Through an analysis of Modernity at Large by anthropologist Arjun Appadurai and Global Matters by English professor Paul Jay, one can see the interdisciplinary nature of transnationalism in modern academic study, in addition to the value of incorporating area studies and national literature in transnational research. Appadurai introduces an idea that posits old forms of culture against new ones. Historically, he argues, the Enlightenment master narrative “was constructed with a certain internal logic and presupposed a certain relationship between reading, representation, and the public sphere” (36). He claims that cultural forms in today’s world, however, are “fundamentally fractal, that is, as possessing no Euclidean boundaries, structures, or regularities” (46). What allows people around the world to connect with these new cultural forms is not the consumption of a single literary canon, but rather the imagination, which has become “an organized field of social practices…and a form of negotiation between sites of agency (individuals) and globally defined fields of possibility” (31). Here, we have a compelling theoretical argument for a new way to approach culture in the modern moment, but I’m not yet convinced until he provides examples from film, literature, and fieldwork in India to supplement his points. For example, he explains how Mira Nair’s film, India Cabaret, depicts young lower-class women who have been mesmerized and marginalized by the modern metropolitan glamour they see in commercial depictions of Bombay, and the only way they can participate in the spectacle is by becoming exotic dancers who cater to the Western fantasies of the female “Other” (38-39). Thus, the heightened reality of film becomes actual reality in the world of transnational travel and capital. In this way, I think that Appadurai’s transnational theory becomes most useful and effective when he supplements his argument with examples from area studies or works of national film and literature.

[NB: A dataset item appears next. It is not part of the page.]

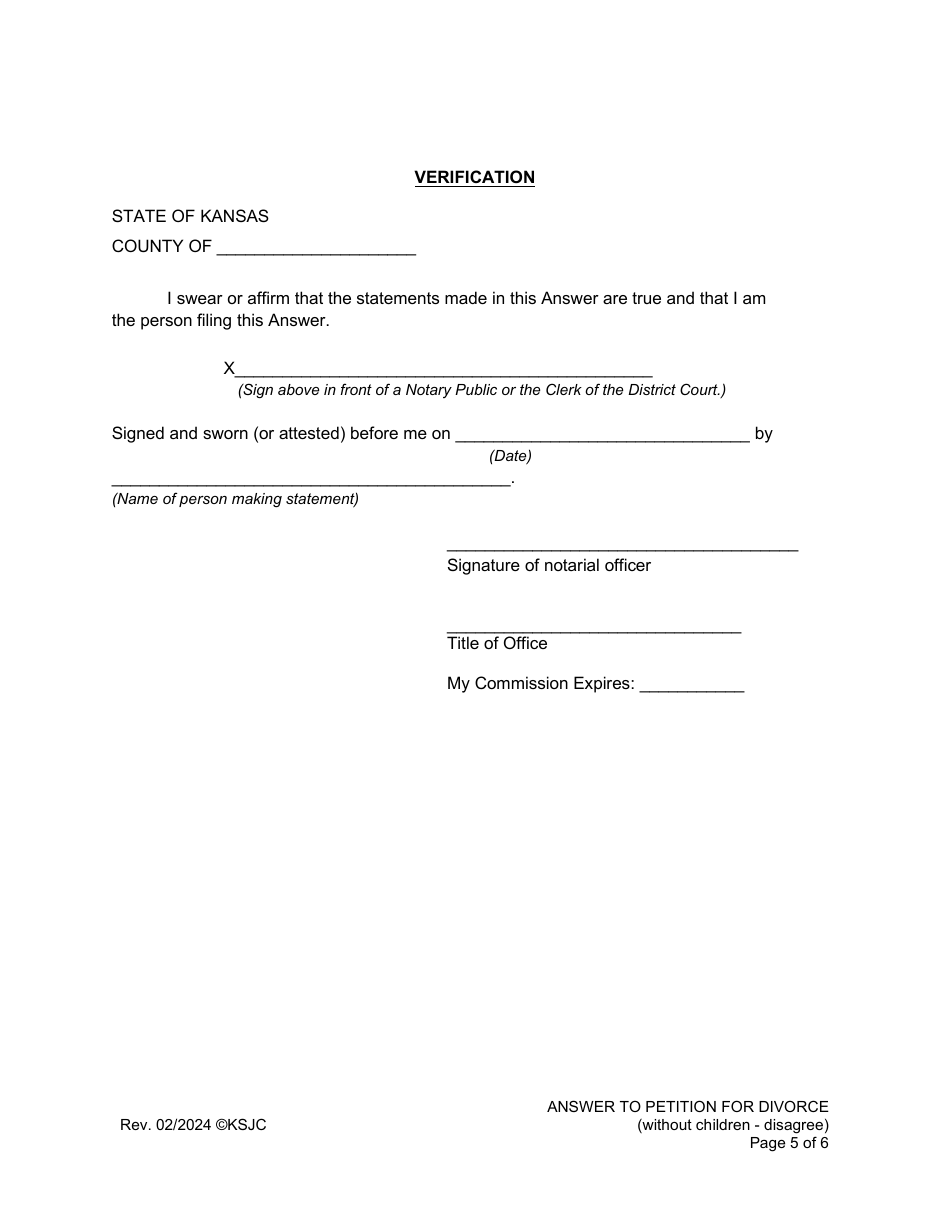 Answer to Petition for Divorce (Disagree) (Without Children) - Kansas, Page 5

In Paul Jay’s account, he questions the “default narrative for historicizing English,” characterized by the study of literature through “the lens of conventional national histories” (loc. 170). One reason for this, he argues, is that the transnational shift in literary studies has led to a “remapping of the locations we study” (loc. 222). In a similar way that Appadurai describes how the approach to cultural study shifted from the Enlightenment’s notion of “Culture” to the more heterogeneous “cultural,” Jay states that the older cultural model of the late 19th and early 20th centuries collapsed under the “imperative to understand literature as a multicultural object of knowledge…expressive of a whole range of different experiences and identities” (loc. 451). It is here that I can begin to understand my current field of English a bit better. Despite the continued importance of early modern Western literature, how can the field of literary studies, and perhaps the humanities as a whole, continue to expand and flourish if scholars do not question the history of Eurocentrism and consider the literary works of global societies in order to generate new insights on the world and our various positions within it? It is here that I am reminded of a relevant article called “Why American Studies Needs to Think About Korean Cinema,” in which Christina Klein demonstrates how transnational film genres can allow us to explore the various social criticisms of globalization and artistic critiques of the nature of cultural production in the modern world (see article).

Globalization and transnationalism may not be entirely new processes, but in the past few decades, coinciding with rapidly developing telecommunications infrastructures and media technologies in countless international urban centers, these terms are becoming more ever-present in a wide range of disciplines within the humanities and social sciences. Besides direct communication, how can we start to learn more about people from around the world, who were once in our periphery and are now our neighbors? By including histories and ethnographies of particular cultures along with analyses of national literatures as a part of their arguments, transnational theorists can help expand upon the increasingly interconnected (and simultaneously fragmented) nature of our rapidly evolving world.